S'ensuit une aventure moyennement échevelée où notre héroïne va endurer toutes sortes de supplices, apprendre à se comporter en soldat, finir par intégrer, voire prendre goût aux règles de la guerre, le tout dans une ambiance absolument pas rigolote.
Du coup ça me fait un peu bizarre de voir l'album dans les rayons "Jeunesse" de la Fnouc, et de voir sur son verso cette magnifique pastille :

Viols, meurtres et guerres : trop lol de rire !
Ne nous méprenons pas, hein, Donjon, c'est super bien, et Les Profondeurs (magnifiquement dessiné par Killoffer) est un excellent album. Mais bon sang que cette série est glauque ! 
Je me souviens être tombé sur ce même album chez un gamin d'une dizaine d'années à qui je donnais des cours de math. Sérieusement, lisez de temps en temps ce que vous acheter à vos gosses, et parlez-en avec eux !

2 commentaires:

SammyDay a dit…

C'est d'ailleurs assez bizarre que le dessin et l'histoire soient aussi décalés - autant l'histoire aurait toute sa place en deuxième partie de soirée, autant le dessin rappelle les émissions de jeunesse du samedi matin.

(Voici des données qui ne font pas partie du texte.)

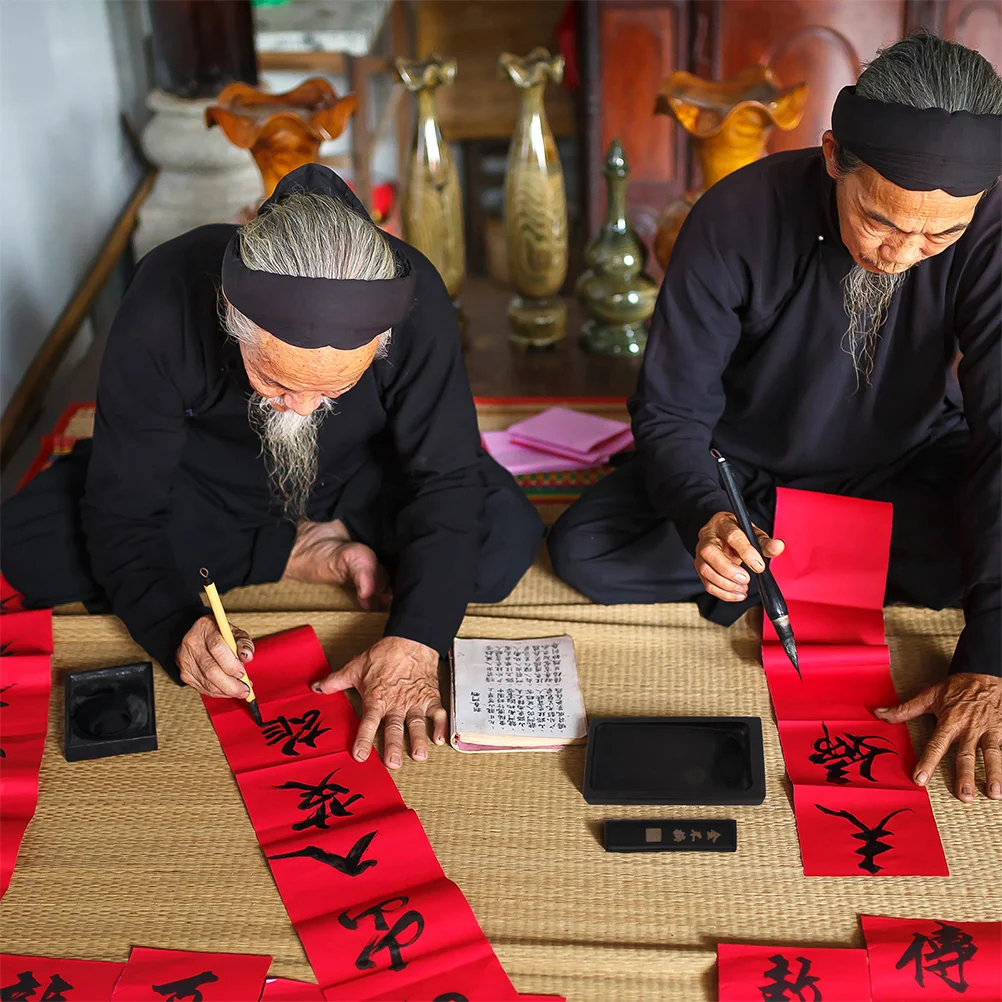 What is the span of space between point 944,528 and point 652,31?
2.57 metres

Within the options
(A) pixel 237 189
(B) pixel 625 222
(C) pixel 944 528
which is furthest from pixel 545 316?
(C) pixel 944 528

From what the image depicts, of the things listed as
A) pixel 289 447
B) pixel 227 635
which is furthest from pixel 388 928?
pixel 289 447

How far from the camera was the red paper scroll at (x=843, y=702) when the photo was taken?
1663 millimetres

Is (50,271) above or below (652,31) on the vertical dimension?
below

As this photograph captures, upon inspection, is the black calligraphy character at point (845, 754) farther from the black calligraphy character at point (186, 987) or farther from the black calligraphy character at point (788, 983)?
the black calligraphy character at point (186, 987)

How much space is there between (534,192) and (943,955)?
2274mm

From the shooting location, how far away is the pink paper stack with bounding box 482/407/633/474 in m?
2.77

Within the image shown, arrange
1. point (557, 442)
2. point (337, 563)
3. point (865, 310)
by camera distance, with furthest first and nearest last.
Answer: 1. point (557, 442)
2. point (337, 563)
3. point (865, 310)

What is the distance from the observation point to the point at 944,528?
216 centimetres

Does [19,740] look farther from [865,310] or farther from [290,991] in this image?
[865,310]

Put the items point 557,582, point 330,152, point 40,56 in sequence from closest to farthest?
point 557,582 → point 40,56 → point 330,152

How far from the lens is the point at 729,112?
114 inches

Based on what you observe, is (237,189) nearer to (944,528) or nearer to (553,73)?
(553,73)

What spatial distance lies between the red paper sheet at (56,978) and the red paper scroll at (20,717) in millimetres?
159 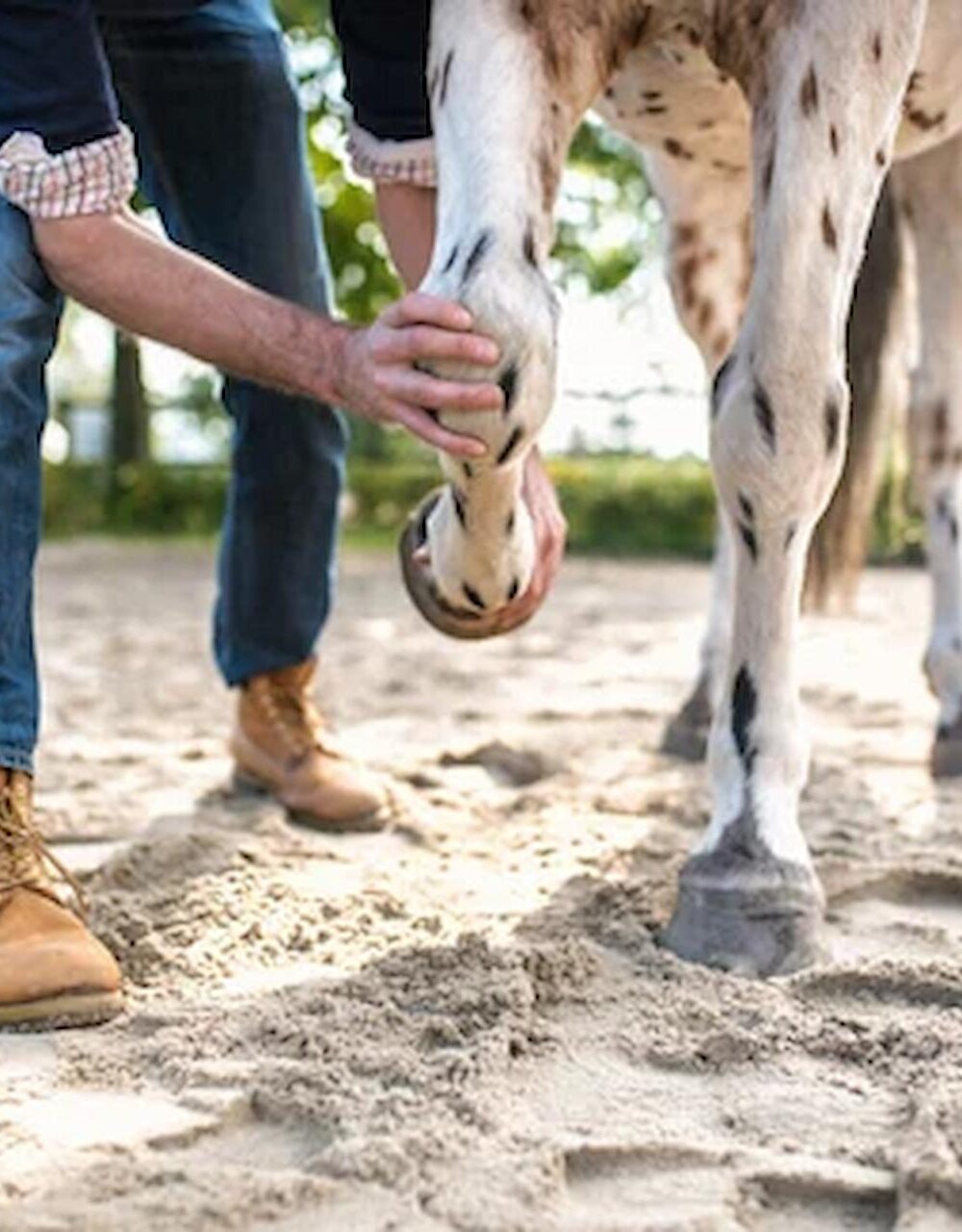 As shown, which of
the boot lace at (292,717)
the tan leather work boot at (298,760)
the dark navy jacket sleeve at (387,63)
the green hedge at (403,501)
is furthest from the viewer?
the green hedge at (403,501)

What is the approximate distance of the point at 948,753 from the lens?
153 inches

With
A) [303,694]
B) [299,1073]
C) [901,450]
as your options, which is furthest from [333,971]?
[901,450]

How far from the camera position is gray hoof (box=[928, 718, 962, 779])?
3859mm

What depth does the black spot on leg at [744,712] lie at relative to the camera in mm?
2625

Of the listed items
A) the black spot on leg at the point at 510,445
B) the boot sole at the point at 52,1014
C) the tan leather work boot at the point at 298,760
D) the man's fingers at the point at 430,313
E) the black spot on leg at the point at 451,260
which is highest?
the black spot on leg at the point at 451,260

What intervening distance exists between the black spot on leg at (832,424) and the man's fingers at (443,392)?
43cm

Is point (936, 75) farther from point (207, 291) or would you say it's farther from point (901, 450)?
point (901, 450)

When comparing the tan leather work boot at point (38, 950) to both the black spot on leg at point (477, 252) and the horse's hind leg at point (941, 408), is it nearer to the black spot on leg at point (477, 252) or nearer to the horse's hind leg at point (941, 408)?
the black spot on leg at point (477, 252)

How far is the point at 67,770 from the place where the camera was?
13.3 feet

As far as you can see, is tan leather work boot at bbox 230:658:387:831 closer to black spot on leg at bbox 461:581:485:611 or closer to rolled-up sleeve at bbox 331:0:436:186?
black spot on leg at bbox 461:581:485:611

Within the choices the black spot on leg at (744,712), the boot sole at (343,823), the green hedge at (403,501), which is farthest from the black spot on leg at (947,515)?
the green hedge at (403,501)

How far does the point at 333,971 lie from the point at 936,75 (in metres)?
1.64

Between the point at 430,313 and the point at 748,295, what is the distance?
482 millimetres

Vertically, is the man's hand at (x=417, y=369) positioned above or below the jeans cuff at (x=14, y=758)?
above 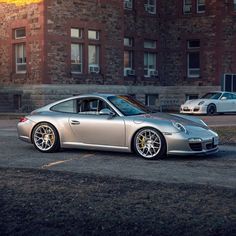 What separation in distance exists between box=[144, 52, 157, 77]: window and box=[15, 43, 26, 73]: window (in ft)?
28.4

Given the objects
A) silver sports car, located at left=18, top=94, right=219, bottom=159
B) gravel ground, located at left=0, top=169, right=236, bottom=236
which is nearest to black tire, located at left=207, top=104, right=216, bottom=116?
silver sports car, located at left=18, top=94, right=219, bottom=159

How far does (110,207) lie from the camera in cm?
623

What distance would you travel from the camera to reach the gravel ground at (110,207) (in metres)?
5.38

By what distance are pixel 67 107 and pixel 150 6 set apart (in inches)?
958

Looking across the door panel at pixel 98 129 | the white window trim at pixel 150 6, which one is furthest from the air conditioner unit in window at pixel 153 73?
the door panel at pixel 98 129

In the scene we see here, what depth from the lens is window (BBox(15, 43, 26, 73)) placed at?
28.8m

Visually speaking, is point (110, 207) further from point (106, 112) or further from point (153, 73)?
point (153, 73)

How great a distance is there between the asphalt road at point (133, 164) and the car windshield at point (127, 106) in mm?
919

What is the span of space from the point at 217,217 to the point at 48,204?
1.98 metres

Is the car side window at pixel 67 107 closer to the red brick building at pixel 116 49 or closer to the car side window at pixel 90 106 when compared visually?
the car side window at pixel 90 106

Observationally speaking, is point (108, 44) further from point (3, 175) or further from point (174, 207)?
point (174, 207)

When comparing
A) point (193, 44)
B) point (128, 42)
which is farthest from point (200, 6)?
point (128, 42)

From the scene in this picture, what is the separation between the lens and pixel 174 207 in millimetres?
6203

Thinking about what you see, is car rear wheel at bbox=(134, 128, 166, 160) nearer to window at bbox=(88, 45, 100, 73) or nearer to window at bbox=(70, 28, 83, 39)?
window at bbox=(70, 28, 83, 39) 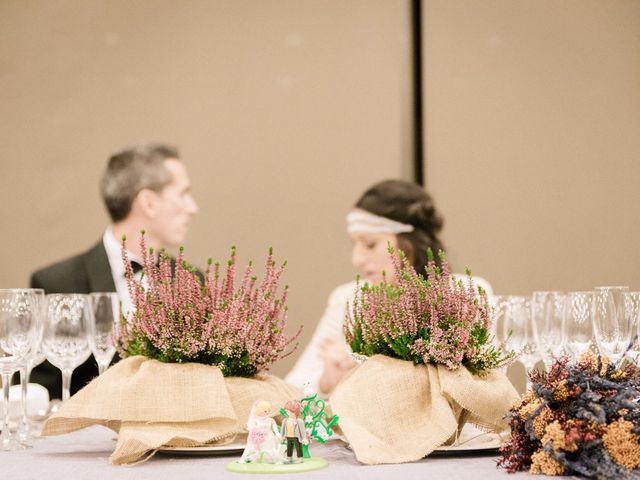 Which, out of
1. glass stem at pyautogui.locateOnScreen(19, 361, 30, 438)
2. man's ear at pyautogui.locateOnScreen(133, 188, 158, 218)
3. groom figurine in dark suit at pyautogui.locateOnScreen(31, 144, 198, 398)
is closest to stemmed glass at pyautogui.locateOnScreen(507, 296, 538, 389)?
glass stem at pyautogui.locateOnScreen(19, 361, 30, 438)

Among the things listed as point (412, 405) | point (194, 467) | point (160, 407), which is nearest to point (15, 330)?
point (160, 407)

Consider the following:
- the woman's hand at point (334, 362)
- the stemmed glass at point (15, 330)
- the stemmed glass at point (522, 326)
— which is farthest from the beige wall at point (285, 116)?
the stemmed glass at point (15, 330)

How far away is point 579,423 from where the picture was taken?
105 centimetres

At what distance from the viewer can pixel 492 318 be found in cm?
130

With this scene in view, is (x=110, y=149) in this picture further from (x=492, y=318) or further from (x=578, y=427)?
(x=578, y=427)

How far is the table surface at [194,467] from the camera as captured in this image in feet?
3.64

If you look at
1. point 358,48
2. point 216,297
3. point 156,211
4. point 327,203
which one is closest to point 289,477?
point 216,297

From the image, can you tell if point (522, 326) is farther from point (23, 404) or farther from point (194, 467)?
point (23, 404)

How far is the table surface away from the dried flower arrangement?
0.04 meters

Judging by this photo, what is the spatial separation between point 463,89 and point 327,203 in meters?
0.86

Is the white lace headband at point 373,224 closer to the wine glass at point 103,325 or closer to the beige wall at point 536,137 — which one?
the beige wall at point 536,137

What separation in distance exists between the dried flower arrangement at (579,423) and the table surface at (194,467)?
0.04 meters

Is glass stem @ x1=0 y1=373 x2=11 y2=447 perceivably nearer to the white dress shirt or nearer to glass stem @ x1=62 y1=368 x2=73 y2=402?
glass stem @ x1=62 y1=368 x2=73 y2=402

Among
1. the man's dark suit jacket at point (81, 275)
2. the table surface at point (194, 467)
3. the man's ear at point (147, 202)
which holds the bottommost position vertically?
the table surface at point (194, 467) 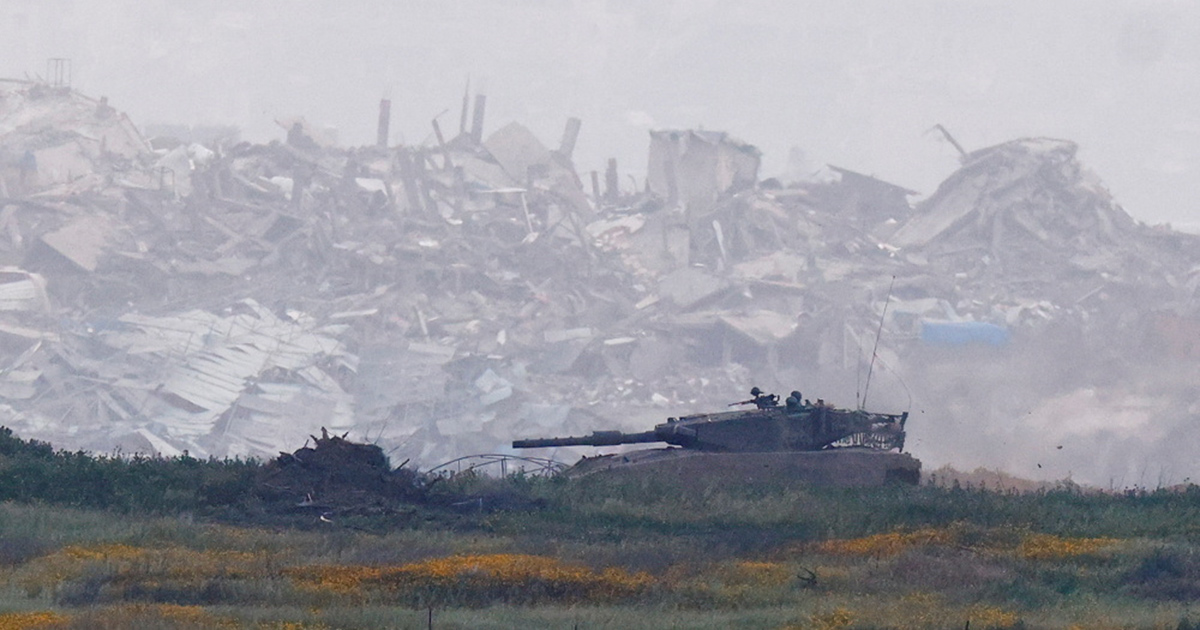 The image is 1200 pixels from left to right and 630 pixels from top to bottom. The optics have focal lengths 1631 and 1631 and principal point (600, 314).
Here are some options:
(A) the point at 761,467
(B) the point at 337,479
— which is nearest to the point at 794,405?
(A) the point at 761,467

Ça doit être pour cela que je n'ai pas accroché plus que ça (ça et le bazar intégral pour comprendre les liens entre les personnages).

Neil a dit…

Si Sfar et Trondheim a prouvé une chose, c'est que le style de dessin et l'intrigue peuvent être totalement décorrélés. Ce décalage entre les deux est une des forces de la série, qu'on retrouve d'ailleurs dans Lapinot, autre série phare de Trondheim (je la relis aussi en ce moment, c'est dingue comme c'est à la fois très marqué "années 1990-2000", et en même temps très actuel).